Opening to be pushed back a year – but temporary accommodation may be arranged
Main image: The Park Centre in Daventry Road where the new Oasis Academy will be built.
The long-awaited new secondary school due to be opened in Knowle West in 2023 has been delayed for a year – an action slammed by MP for Bristol South Karin Smyth.
The 900-place academy for 11-16-year-olds will be built on the site of the current Park Centre in Daventry Road -which is moving to a new building next door, due to be completed in December.
The new school will be run by Oasis Community Learning and take pupils from Knowle and surrounding neighbourhoods – with construction due to start in March 2022.
The site is also where the former Merrywood School once stood – which closed over 20 years ago leaving the area without a secondary school.
News of the delay has led Karin Smyth MP to raise her deep concerns in a recent House of Commons debate – that Multi-Academy Trusts (MATs) were not being held to account for their actions.
She also said the government was failing the children and parents in Bristol South to ensure they were “at the heart of education”.
She said: “Parents, carers and children in Bristol South will be dismayed at this news of a delay in opening this new school, which represents another complete failure by the Department for Education (DfE) and Gavin Williamson MP, the Secretary of State.
“All of the factors mentioned in the Department’s statement have been known for some time, this late announcement of a delay to a school due to open in less than thirteen months is a disgrace.
“Bristol City Council are now trying to sort out this mess and find temporary accommodation for 2023. Once again, local government is left carrying the burden of central government policy and implementation failures. I will be demanding an explanation from the schools minister for this monumental fiasco.”
There has already been a rise in secondary school applications for September 2021 – but Bristol City Council said all pupils had been offered a place – and a projected rise of 192 places required for 2022. The council has set aside funding to assess where further places can be provided, which includes 2023.
“We share the disappointment and frustration parents feel with the delay…”
A spokesperson for Bristol City Council said: “We share the disappointment and frustration parents feel with the delay and we’re pushing the Department for Education to move these plans along as quickly as possible. Despite the government’s ongoing inability to deliver much needed new schools, we remain confident that the excellent response from Bristol schools will continue and all children will have places as they need them.

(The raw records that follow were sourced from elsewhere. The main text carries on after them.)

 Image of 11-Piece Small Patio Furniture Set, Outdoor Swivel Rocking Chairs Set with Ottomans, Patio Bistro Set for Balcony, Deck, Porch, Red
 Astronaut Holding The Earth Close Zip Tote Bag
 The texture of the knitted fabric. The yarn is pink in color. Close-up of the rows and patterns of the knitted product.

“We put significant time and effort into working with a range of partners to ensure all children have a school place. Whilst we can expand current provision in places, where appropriate, we cannot build new schools. This is a responsibility that lies with the Department for Education and the council has no decision-making power when it comes to new schools.”
In a statement Oasis Community Learning said it was “proud to be the chosen education provider for the new Oasis Academy in South Bristol.”
A spokesperson said: “The build completion date is dependent upon key milestones being achieved such as planning permission, demolition works of the former Merrywood School and the construction of the academy building.
“The new indicative date for the academy building to open is 2024. The DfE and Bristol City Council are exploring the feasibility of opening the school in temporary accommodation for 2023, and we are supporting them with this process. We remain fully dedicated to ensuring the academy offers an outstanding education for local young people.”
A Department for Education spokesperson said they remained “committed to ensuring that local families have access to the school places they need” and in February announced Bristol would receive £11.9 million to provide the new school places needed for 2023.
“We have updated the forecast opening date for the Oasis Academy to reflect unavoidable delays and risks to planning and construction, and to ensure a smooth and safe opening at completion. We are exploring the potential for the school to open in temporary accommodation in 2023.”